How Bernhard Langer’s first-place checks have increased during his six decades as a pro

July 04, 2023

Bernhard Langer took home $720,000 for winning the U.S. Senior Open, more than his two Masters victories (1985 and '93) combined.

Patrick McDermott

If you're winning PGA Tour Champions majors at age 65, like Bernhard Langer did at the U.S. Senior Open Sunday, by definition times have changed since you turned professional. Langer is cashing first-place checks in a remarkable sixth decade as a professional, dating all the way back to the 1975 German National Open, a tournament he won at age 17. That victory was so far back there's no data on how much Langer won, but the DP World Tour does chronicle Langer's take-home pay for winning his first event on the “big” tour—the 14,000 pounds he earned for defeating Brian Barnes by five in the 1980 Dunlop Masters.

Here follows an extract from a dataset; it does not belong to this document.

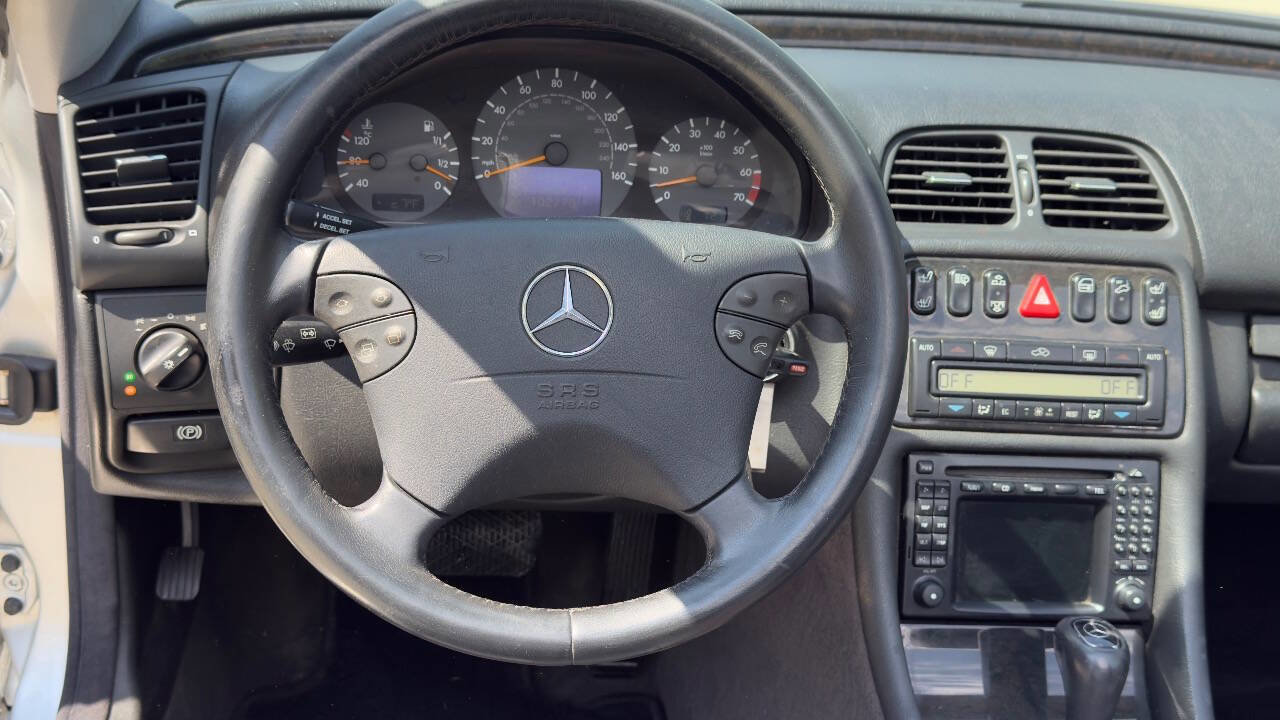 Used 2000 Mercedes-Benz CLK 430 Cabriolet image 34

That performance wasn't dramatically different from the one Langer put on at the U.S. Senior Open last week. Langer was up by as many as seven strokes on Sunday before finishing bogey-bogey-bogey to win by two over Steve Stricker. The first-place prize was a PGA Tour Champions record $720,000—bigger than Langer's Masters winning cash-outs in 1985 ($126,000) and 1993 ($306,000) combined.

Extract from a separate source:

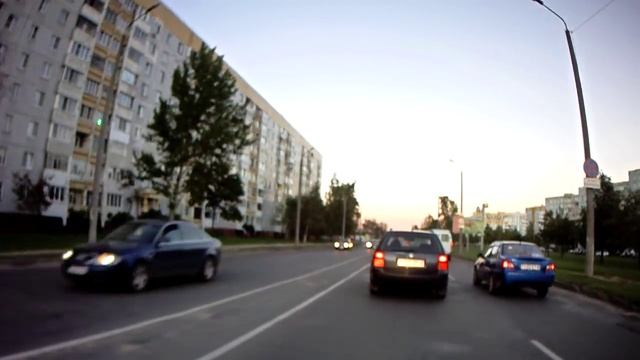 Могилёв, ул. Фатина, лазером-в глаза водителей (4 этаж, слева) смотреть онлайн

To put Langer's first European tour check in perspective, two weeks ago, every player in the field at the U.S. Open who missed the cut got $10,000 just for showing up. The Scotty Cameron putter Langer used to win the 1993 Masters—the first Cameron to be used to win a major—went for $59,097 at a 2021 auction. It's doubtful Langer's current Odyssey White Hot 2-Ball with an extended grip will ever get that much but given that Langer has now won more than $35 million just as a senior, he's probably never going to need to unload it to pay his mortgage.